I agree. Feints and subterfuge are as much a part of war as weapons and armor choice. Now, to keep fair, though, you must designate which squad is in what transport in some way (markings or counter). Otherwise, people will choose what squad is in a transport during the game or change it up to avoid a damaged vehicle, etc...

A good way to do this is to have the embarked squads set out on a separate table with a numbered marker next to the squad. Then, put an identical marker inside the vehicle.

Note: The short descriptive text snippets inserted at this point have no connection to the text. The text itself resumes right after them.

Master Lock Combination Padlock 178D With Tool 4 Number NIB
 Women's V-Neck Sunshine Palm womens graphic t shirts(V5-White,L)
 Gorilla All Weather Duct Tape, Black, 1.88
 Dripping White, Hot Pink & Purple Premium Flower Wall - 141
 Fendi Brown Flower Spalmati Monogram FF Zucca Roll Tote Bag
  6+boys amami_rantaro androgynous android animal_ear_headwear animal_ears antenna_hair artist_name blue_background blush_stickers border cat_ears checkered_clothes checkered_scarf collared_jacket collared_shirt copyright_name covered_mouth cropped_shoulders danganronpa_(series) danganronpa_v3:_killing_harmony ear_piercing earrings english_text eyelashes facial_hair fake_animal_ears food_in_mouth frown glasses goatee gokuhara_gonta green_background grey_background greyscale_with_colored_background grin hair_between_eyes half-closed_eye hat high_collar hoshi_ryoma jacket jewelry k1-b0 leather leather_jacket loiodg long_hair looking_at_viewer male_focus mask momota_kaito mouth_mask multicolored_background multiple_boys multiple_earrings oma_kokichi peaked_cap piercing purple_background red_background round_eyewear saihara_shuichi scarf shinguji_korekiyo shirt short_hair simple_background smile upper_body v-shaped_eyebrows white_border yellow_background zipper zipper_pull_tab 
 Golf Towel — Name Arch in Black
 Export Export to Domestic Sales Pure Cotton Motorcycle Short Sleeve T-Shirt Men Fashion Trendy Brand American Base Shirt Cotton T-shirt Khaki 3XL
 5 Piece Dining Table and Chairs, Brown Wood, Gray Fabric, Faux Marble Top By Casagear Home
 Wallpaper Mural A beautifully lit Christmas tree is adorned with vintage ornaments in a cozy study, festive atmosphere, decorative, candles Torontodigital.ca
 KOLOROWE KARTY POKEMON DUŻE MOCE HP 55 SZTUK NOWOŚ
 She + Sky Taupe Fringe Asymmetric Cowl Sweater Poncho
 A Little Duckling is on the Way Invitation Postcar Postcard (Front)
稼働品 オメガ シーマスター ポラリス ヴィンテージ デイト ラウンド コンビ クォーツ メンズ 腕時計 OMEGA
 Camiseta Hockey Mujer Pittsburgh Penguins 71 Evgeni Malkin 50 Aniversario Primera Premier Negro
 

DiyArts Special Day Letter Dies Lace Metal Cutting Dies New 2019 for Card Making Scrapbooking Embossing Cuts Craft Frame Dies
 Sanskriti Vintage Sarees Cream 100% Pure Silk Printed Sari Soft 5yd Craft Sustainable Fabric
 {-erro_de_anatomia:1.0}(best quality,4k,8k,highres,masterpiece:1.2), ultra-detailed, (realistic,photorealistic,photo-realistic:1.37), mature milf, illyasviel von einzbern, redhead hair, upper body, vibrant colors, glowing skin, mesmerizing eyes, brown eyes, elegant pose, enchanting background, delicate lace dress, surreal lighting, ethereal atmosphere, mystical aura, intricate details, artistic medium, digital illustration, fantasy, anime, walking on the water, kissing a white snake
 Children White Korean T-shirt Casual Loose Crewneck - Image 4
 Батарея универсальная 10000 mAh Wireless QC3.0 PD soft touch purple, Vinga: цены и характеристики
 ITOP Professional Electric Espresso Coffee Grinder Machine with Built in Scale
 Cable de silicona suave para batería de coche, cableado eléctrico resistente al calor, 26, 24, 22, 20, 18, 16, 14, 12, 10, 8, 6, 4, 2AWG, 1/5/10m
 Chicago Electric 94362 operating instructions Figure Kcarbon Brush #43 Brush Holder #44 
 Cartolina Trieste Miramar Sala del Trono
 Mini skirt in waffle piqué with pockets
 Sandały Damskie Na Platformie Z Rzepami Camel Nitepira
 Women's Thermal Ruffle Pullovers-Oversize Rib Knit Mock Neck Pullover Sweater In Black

Then, when the vehicle is destroyed or disembarks troops, reveal the marker inside.


----------



## Caratacos (Aug 26, 2008)

James Tiberius said:


> why should you be?, in reality when a group of 6 APC's roll towards your position you can't just equip X-ray glasses to see whats inside, you deal with what comes when it comes.
> 
> heck if it was up to me I would never reveal what was inside even when asked just for that reason, I don't have to in any other system I play, why should I in this?
> 
> and its got nothing to do with being semantic pedantic or just an ass, you can't see through steel, its as simple as that


Maybe because this is a game and not the reality?

It's all about sportsmanship.


----------



## James Tiberius (Sep 1, 2011)

Caratacos said:


> Maybe because this is a game and not the reality?
> 
> It's all about sportsmanship.


its a game recreating warfare in a future setting, in which the enemy would have no idea what is inside a vehicle, why must I declare the name, hobbies and distinguishing features of every man aboard a rhino or chimera in this game to avoid whiny little unwashed teenage pondscum complaining about sportsmanship, when I don't have to reveal fuck all in any other gaming system and people have got a pair of balls big enough to cope with that lack of knowledge and deal with it on the table?

why must I throw away all tactical superiority just because little Johnny spitwad wants to know what my chimera crew ate for breakfast, where they went on holiday and how much of a good time they had?
hell why don't I just hand all my plans over to my opponent, make things easier for him


----------



## Pssyche (Mar 21, 2009)

More often than not, I'll just put a model from the embarked unit alongside the transport.
But sometimes I use a similar method to that Jaysen described above.
I give a folded up copy of each vehicles manifest to my opponent, so he has the information, but can't act on it. When the corresponding transport reveals its contents, then he can open the relevent manifest to make sure that what is disembarking is what was actually in the transport to begin with. That way, I am complying with the rule saying I have to make clear to my opponent what squad is embarked in what transport, but without handing him a sizeable initiative.

Why should I tell my opponent the order in which to destroy my vehicles?
How can I deliver a feint attack when I'm telling you in advance that it's a bluff?

"Here mate, this Wave Serpent has nothing in it and this one here only has five Dire Avengers in it.
These two here are the ones you want to watch out for.
One has a squad of Howling Banshees and the other is my Seer Council. 
SO SHOOT THEM FIRST! THEY'RE THE DANGEROUS ONES! YOU DON'T WANT THEM REACHING YOUR LINES!"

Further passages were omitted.